* _Prompt_
Filter the records for lines holding the string "Apartamento".

____________________

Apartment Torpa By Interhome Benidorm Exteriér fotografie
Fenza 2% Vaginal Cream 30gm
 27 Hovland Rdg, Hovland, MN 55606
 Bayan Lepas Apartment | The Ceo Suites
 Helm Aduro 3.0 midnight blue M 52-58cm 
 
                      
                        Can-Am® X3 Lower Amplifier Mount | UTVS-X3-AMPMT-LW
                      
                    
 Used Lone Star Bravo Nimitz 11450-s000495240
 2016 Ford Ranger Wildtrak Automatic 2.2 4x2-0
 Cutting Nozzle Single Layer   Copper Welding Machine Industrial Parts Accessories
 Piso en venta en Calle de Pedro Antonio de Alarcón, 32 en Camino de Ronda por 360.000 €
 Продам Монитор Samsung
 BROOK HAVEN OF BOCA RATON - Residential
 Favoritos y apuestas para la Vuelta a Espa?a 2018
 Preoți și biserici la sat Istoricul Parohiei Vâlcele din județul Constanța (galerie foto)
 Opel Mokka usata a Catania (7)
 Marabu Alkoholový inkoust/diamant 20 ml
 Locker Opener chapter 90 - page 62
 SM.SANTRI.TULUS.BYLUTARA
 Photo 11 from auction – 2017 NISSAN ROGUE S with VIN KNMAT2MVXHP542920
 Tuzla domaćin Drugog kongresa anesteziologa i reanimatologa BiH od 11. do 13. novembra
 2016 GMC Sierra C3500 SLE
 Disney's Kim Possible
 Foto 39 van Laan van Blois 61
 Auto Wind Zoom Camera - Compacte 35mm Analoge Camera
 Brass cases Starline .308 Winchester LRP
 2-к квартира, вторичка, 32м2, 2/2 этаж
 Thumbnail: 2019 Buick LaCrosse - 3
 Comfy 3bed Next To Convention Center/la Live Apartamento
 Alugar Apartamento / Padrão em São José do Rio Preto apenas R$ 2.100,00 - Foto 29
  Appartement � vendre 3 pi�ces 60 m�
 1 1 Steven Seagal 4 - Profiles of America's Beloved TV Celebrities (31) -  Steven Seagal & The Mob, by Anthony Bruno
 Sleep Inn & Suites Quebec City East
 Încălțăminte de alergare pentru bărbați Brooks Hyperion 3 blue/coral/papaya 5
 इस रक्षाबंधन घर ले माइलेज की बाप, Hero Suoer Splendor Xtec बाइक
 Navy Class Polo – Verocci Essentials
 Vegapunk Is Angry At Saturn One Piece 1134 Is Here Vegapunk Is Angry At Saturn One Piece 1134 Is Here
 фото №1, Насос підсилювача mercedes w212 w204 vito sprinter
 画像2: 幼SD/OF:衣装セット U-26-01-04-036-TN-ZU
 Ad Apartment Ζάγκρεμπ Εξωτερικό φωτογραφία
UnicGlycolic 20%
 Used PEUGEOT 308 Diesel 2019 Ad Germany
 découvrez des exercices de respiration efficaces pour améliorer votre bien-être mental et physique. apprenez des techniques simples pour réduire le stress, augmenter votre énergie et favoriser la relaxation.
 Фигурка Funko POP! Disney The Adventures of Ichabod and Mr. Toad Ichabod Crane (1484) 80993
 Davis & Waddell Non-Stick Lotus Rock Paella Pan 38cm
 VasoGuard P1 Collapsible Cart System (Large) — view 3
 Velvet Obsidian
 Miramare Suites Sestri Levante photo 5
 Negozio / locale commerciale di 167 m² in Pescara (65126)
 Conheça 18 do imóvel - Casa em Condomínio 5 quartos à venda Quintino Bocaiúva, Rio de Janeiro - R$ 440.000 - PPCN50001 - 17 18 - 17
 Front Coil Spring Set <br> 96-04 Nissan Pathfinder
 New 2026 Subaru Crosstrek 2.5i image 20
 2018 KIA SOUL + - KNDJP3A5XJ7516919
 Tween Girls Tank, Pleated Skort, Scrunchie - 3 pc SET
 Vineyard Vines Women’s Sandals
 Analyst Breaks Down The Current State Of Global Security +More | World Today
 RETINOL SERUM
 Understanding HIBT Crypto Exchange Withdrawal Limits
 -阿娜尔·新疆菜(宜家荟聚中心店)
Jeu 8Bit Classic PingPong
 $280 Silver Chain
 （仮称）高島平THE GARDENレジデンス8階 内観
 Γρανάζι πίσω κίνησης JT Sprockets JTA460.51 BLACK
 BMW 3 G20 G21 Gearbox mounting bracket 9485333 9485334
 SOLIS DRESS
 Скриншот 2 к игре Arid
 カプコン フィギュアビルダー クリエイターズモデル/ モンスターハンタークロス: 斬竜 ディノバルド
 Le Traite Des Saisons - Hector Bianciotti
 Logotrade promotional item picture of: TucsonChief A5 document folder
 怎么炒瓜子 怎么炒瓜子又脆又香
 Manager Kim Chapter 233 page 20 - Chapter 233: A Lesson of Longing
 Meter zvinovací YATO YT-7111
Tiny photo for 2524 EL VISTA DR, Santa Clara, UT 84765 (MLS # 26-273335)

____________________

* _Written solution_
 Comfy 3bed Next To Convention Center/la Live Apartamento
 Alugar Apartamento / Padrão em São José do Rio Preto apenas R$ 2.100,00 - Foto 29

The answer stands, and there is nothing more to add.